Understanding Switching Control Board Redundancy
SUMMARY Switching control board redundancy allows your device to continue routing and switching functions if a primary control board fails.
In this section, the term failover refers to an automatic event, whereas switchover refers to either an automatic or a manual event.
Redundant CFEBs on the M10i Router
On the M10i router, the CFEB performs the following functions:
-
Route lookups—Performs route lookups using the forwarding table stored in synchronous SRAM (SSRAM).
-
Management of shared memory—Uniformly allocates incoming data packets throughout the router’s shared memory.
-
Transfer of outgoing data packets—Passes data packets to the destination Fixed Interface Card (FIC) or Physical Interface Card (PIC) when the data is ready to be transmitted.
-
Transfer of exception and control packets—Passes exception packets to the microprocessor on the CFEB, which processes almost all of them. The remainder are sent to the Routing Engine for further processing. Any errors originating in the Packet Forwarding Engine and detected by the CFEB are sent to the Routing Engine using system log messages.
The M10i router has two CFEBs, one that is
configured to act as the primary and the other
that serves as a backup in case the primary fails.
You can initiate a manual switchover by issuing
the request chassis cfeb master
switch
command. For more information, see
the Junos OS Administration Library for Routing
Devices.
Redundant FEBs on the M120 Router
The M120 router supports up to six Forwarding Engine Boards (FEBs). Flexible PIC Concentrator (FPCs), which host PICs, are separate from the FEBs, which handle packet forwarding. FPCs are located on the front of the chassis and provide power and management to PICs through the midplane. FEBs are located on the back of the chassis and receive signals from the midplane, which the FEBs process for packet forwarding. The midplane allows any FEB to carry traffic for any FPC.
To configure the mapping of FPCs to FEBs, use the
fpc-feb-connectivity
statement as
described in the Junos OS Administration Library for Routing
Devices. You cannot specify a connection
between an FPC and a FEB configured as a backup.
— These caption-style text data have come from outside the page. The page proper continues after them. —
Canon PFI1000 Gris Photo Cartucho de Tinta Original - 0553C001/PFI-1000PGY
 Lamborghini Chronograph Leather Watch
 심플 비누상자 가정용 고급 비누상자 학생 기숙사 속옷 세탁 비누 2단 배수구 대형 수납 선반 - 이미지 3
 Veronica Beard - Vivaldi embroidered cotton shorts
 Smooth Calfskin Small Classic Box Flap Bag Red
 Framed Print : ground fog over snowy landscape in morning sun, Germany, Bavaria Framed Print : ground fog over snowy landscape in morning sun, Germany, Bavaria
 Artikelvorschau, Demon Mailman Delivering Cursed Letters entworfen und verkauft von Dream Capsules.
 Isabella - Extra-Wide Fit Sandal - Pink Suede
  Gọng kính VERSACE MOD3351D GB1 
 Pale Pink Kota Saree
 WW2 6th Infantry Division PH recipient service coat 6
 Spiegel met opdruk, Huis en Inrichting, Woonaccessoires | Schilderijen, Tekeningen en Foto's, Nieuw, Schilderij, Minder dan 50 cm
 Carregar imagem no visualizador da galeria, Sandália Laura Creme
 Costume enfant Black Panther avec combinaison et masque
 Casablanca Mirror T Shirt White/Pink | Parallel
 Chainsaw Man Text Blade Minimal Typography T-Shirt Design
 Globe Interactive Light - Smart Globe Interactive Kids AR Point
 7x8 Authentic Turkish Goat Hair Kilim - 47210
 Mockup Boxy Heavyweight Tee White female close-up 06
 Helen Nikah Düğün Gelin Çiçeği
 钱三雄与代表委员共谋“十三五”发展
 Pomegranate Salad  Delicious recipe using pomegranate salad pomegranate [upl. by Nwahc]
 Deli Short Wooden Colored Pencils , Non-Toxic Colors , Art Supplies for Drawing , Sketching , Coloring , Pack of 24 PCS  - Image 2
If an FPC is not specified to connect to a FEB,
the FPC is assigned automatically to the FEB with
the same slot number. For example, the FPC in slot
1 is assigned to the FEB in slot 1.
You can configure one FEB as a backup for one or more FEBs by configuring a FEB redundancy group. When a FEB fails, the backup FEB can quickly take over packet forwarding. A redundancy group must contain exactly one backup FEB and can optionally contain one primary FEB and multiple other FEBs. A FEB can belong to only one group. A group can provide backup on a one-to-one basis (primary-to-backup), a many-to-one basis (two or more other-FEBs-to-backup), or a combination of both (one primary-to-backup and one or more other-FEBs-to-backup).
When you configure a primary FEB in a redundancy group, the backup FEB mirrors the exact forwarding state of the primary FEB. If switchover occurs from a primary FEB, the backup FEB does not reboot. A manual switchover from the primary FEB to the backup FEB results in less than 1 second of traffic loss. Failover from the primary FEB to the backup FEB results in less than 10 seconds of traffic loss.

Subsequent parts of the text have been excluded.